Shanghai ‘Crackdown’ On Bootleg Discs Just Moves Them Underground

For many years, we’ve pointed out the futility of the entertainment industry’s constant focus on “shutting down” any source of unauthorized material. Every time they do so, the content sharing continues to grow — it just moves further underground and makes it that much more difficult for the industry to actually use it to their own advantage. It appears this happens not just online, but offline as well. We’ve noted recently that China has been paying lip service to external pressures to “crack down” on infringement, often by using copyright and patent laws to go after foreign companies as well. But it appears to also be playing itself out in other ways.

The NY Times is covering how Chinese officials have been going around to DVD and CD shops that have lots of unauthorized bootlegs, and telling them that for the World Expo (which begins May 1), they need to stop selling that content so directly. It appears most of the shops all responded in nearly identical ways: cutting their stores in half by putting up a wall in the middle, then placing legitimate discs upfront, and putting all the bootlegs on the other side of the wall, with a “secret” doorway.

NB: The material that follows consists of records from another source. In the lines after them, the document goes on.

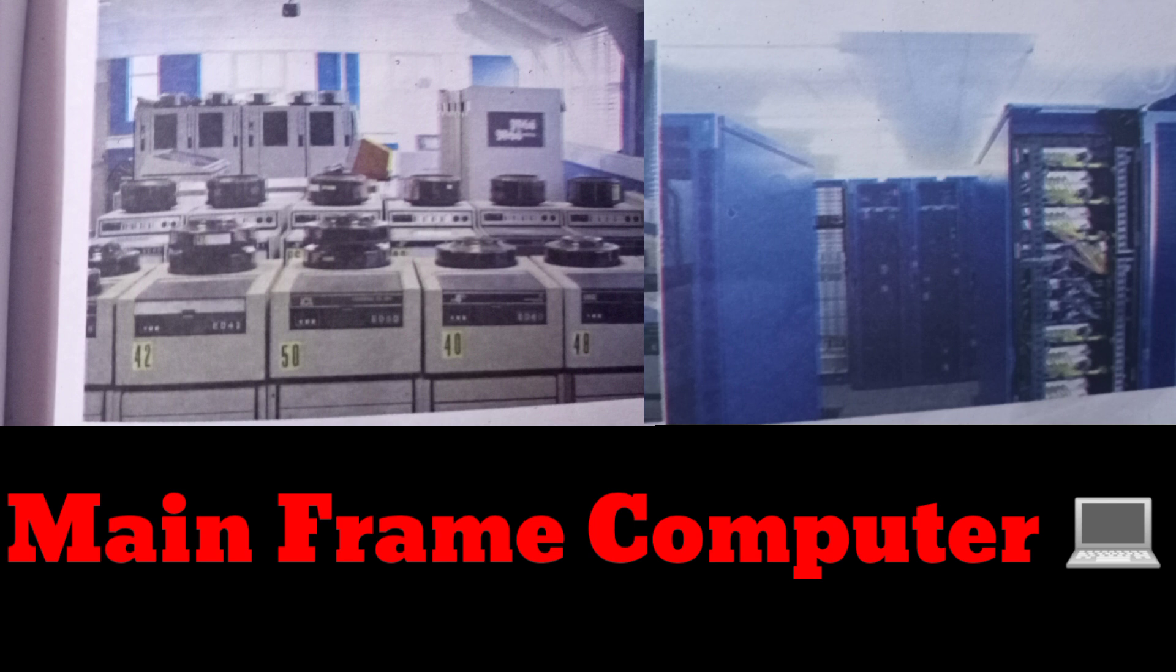Mainframe computers are usually slower, less powerful, and less expensive than supercomputers. Mainframes are used by banks and many businesses to update inventory. Mainframe computers are used in large organizations where many users need access to shared data and programs. The largest manufacturers of mainframes are IBM and Unisys. Examples include IBM Z series, System Z9, and System Z10 servers.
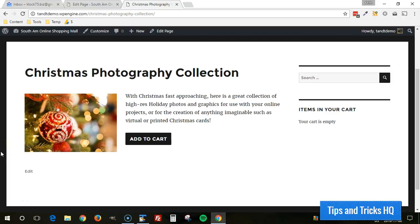Hey everyone, Keith here, Tips and Tricks HQ. In this video, I want to demonstrate the use of the product display box for the PayPal Simple Shopping Cart plugin.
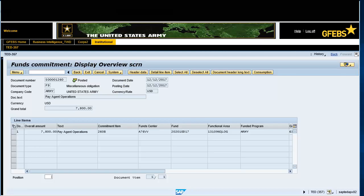The Funds Commitment Display Overview screen is displayed. The document appears in display mode. Verify the information in the document to include the grand total amount of the obligation and line of accounting information.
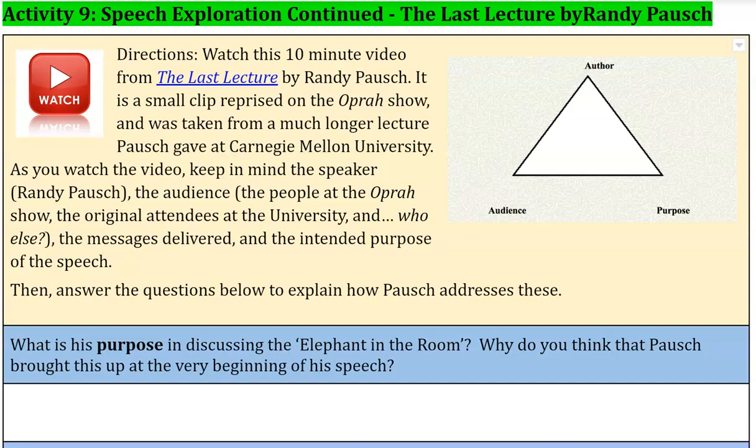This is Activity 9, Speech Exploration Continued: The Last Lecture by Randy Pausch.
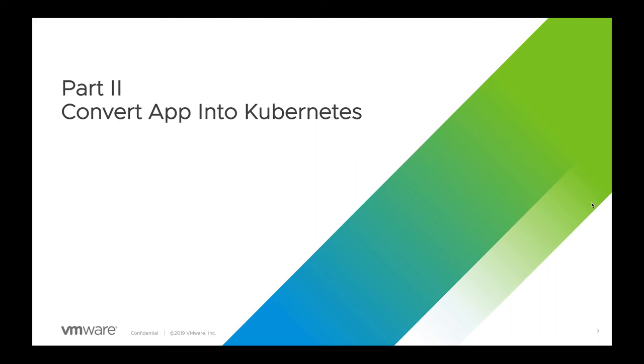Welcome to part 2 of our demo. In this demo, we will demonstrate how we can build a Docker image using an existing Windows web app developed with the .NET Core Razor Pages framework.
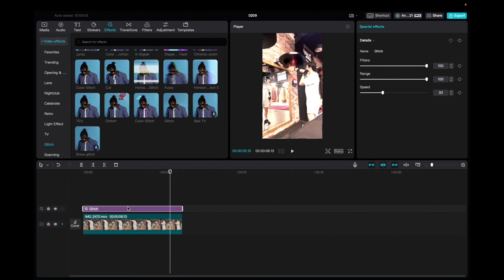Now with it being highlighted, we're going to go up to the special effects tab where we can adjust the filter, the range, and the speed of the effect.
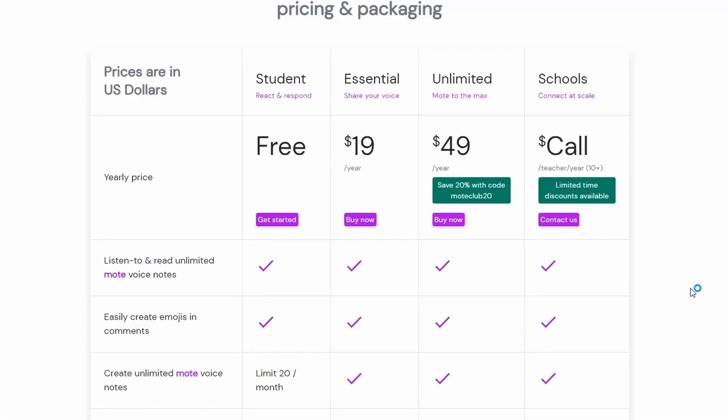In the interest of fairness, the free version does limit you to 20 notes per month, which for some of you is more than enough. But for those who plan to use this a lot, you can go with the Essential plan for $19 a year — basically $1.50 a month for unlimited use, which in my book is not a lot to ask.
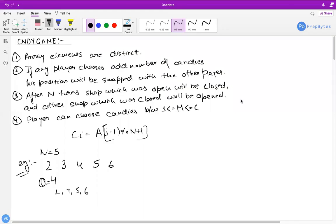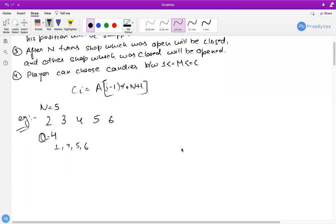Now let's build the approach. Key observations: array elements are distinct (all different, no repeats). The element once used cannot be used again within a cycle. If a player chooses an odd number, positions swap. After N turns, the open shop closes and the closed shop opens. A player can choose candies between 1 and C using the given formula.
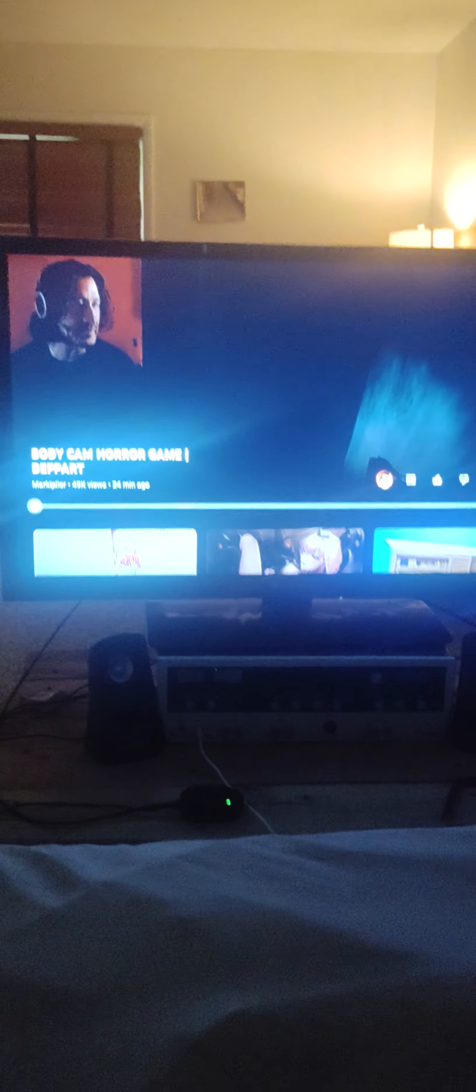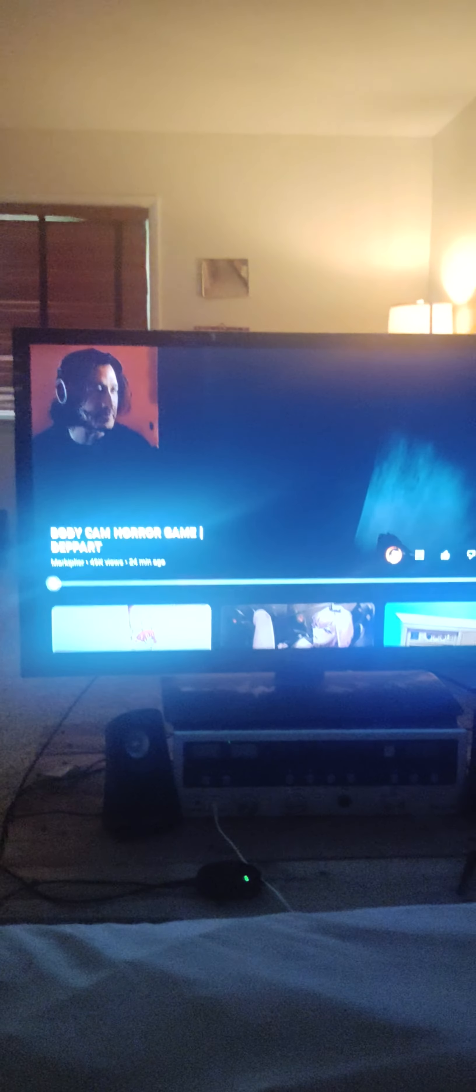I'm stating why did YouTube have to be so idiotic to try to block ad blockers? This TV is on YouTube.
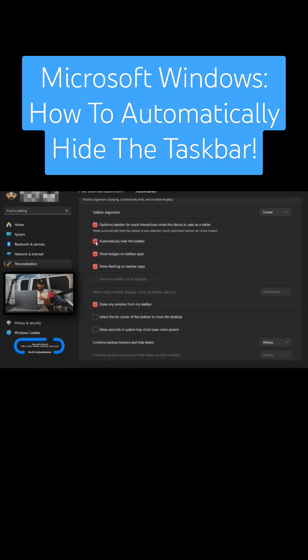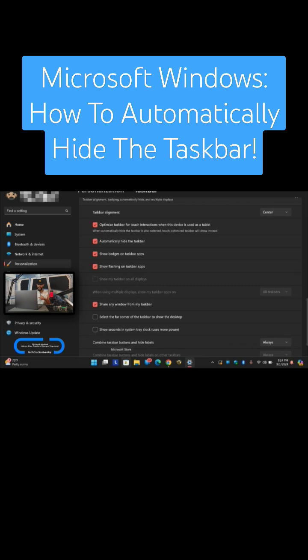But if you do want to see your taskbar simply take the arrow and put it towards the bottom of the display and the taskbar will show as well as the system tray icons.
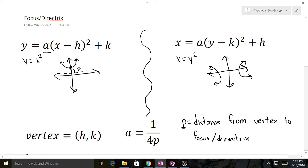The focus is a similar concept, but it's not a line — it's a point. It's the same distance p from the vertex, but it's inside the graph. The way I like to think about it is the parabola is always closing in on the focus. So the focus is always going to be inside and the directrix will always be on the outside. For example, x equals negative y squared opens to the left, so the directrix would be on the right side and the focus on the left, each a distance of p from the vertex.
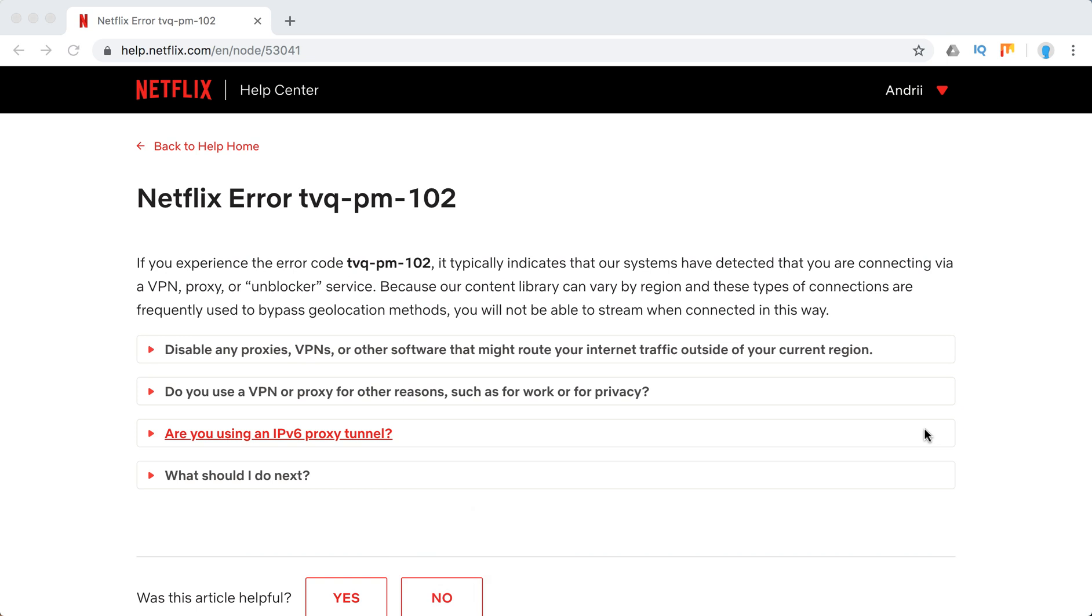Hello everyone, so how to solve Netflix error TVQ-PM-102? Typically, it points to information that the Netflix system has detected you're using a VPN or unblocker service.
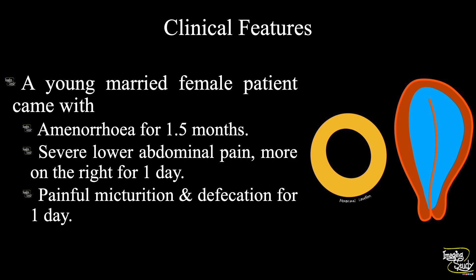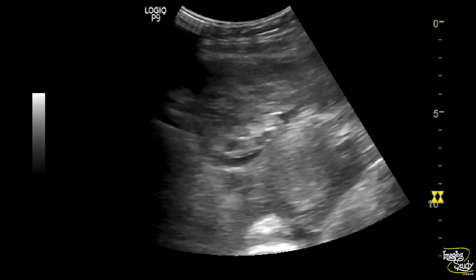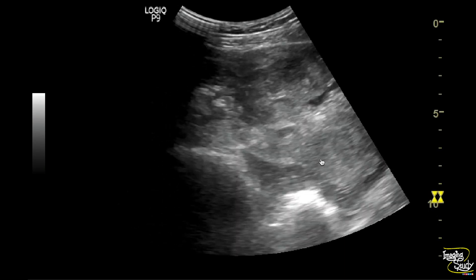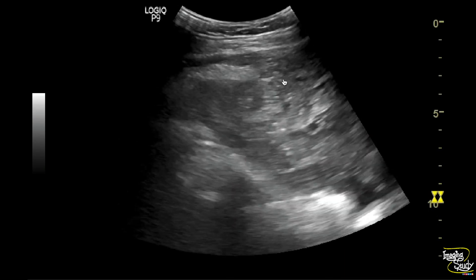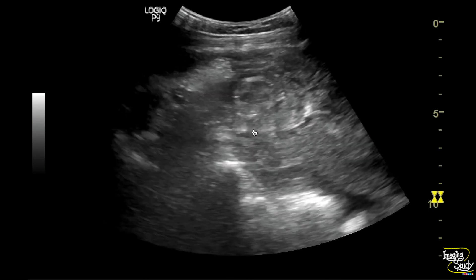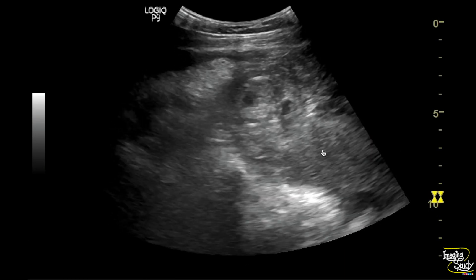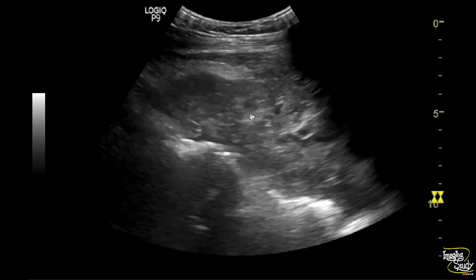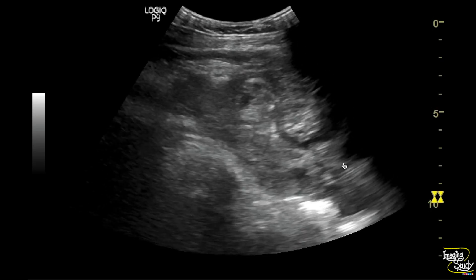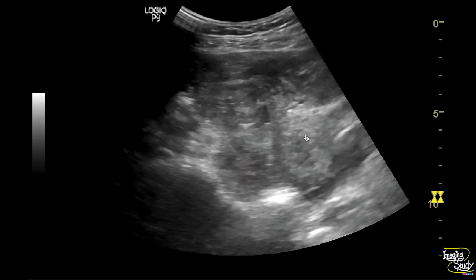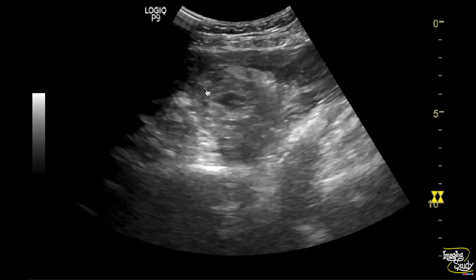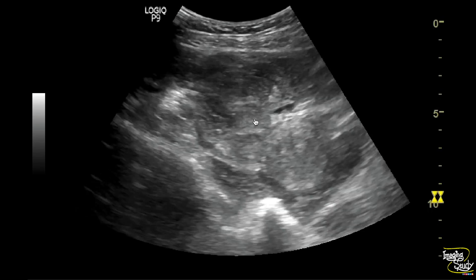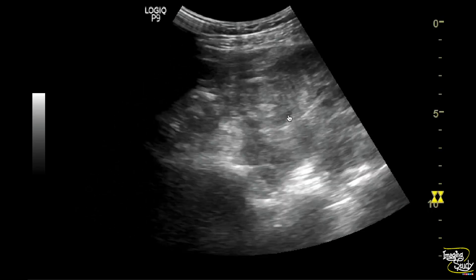Let's see what we have got on ultrasound. Here you can see the transverse section view of the pelvic region showing a complex mass adjacent to the uterus. This structure is the uterus, and you can see this heterogeneous complex area with two internal cystic components.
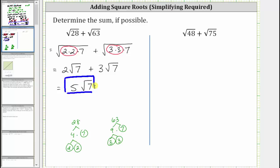Next, we have the square root of 48 plus the square root of 75. Again, let's look at the prime factorization of 48 and 75.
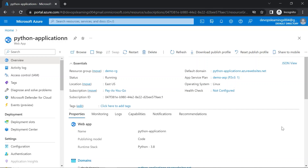In this video, we are going to see what are the different features that we have in App Service and how to deploy a basic Python application in App Service and how to access that application. So let's get started.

The effort was so consistent that some accuse Chinese officials of suggesting this to store owners. Some stores readily admit that after the Expo ends, they’ll tear down the wall and return to a single storefront.

Either way, it’s quite similar to what we’ve seen online. You can “crackdown” all you want, and it never actually slows down the trade in unauthorized content. It just moves it further underground… or, perhaps, behind a (not so) secret wall.